Keep the tone light and professional, while being yourself. It sounds tricky, but try to juggle persuasion, not to aspire too much for etiquette, and not to appear arrogant.

Do not abandon !

Rejection is unfortunately part of being an artist. Some labels don’t even have time to respond.

But keep trying. Look for different labels and refine your approach. Change the tone of your voice in your messages, improve the mix of your tracks and integrate the reviews.

Having more music ready to send is a good way to maintain your creative momentum if your submission is rejected. Producing more than one song also means that if a label asks to hear some of your other tracks, you’ve got something up your sleeve.

An alternative to signing a label is to release your music yourself. As a freelance artist, you retain full control over your music and retain all rights to your songs, as long as you register with a distributor like RouteNote.

We send your music to Spotify and Apple Music, and to worldwide streaming services like Qobuz and JioSaavn, so your songs can be played anywhere.

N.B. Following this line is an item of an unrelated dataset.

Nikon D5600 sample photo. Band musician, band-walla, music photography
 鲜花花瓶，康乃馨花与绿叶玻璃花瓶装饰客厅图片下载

With our free distribution, you keep 85% of the royalties and you are free to come and go as you please without giving up your music or putting ink on restrictive contracts. There is also the Premium tier of RouteNote, which allows you to keep 100% of the profits for an initial and annual fee.

The trade-off for not getting signed to a label is that you have to run your own career, which means taking care of things like recording, promoting, and marketing yourself. But we have plenty of how-to videos and articles to guide you.

Whether you’re sending demos to labels or heading towards independence, the two most important things are making great music and believing in yourself.

The world deserves to hear your music. Take it out.

Curious about RouteNote? Find out how we help unsigned artists and independent record labels here.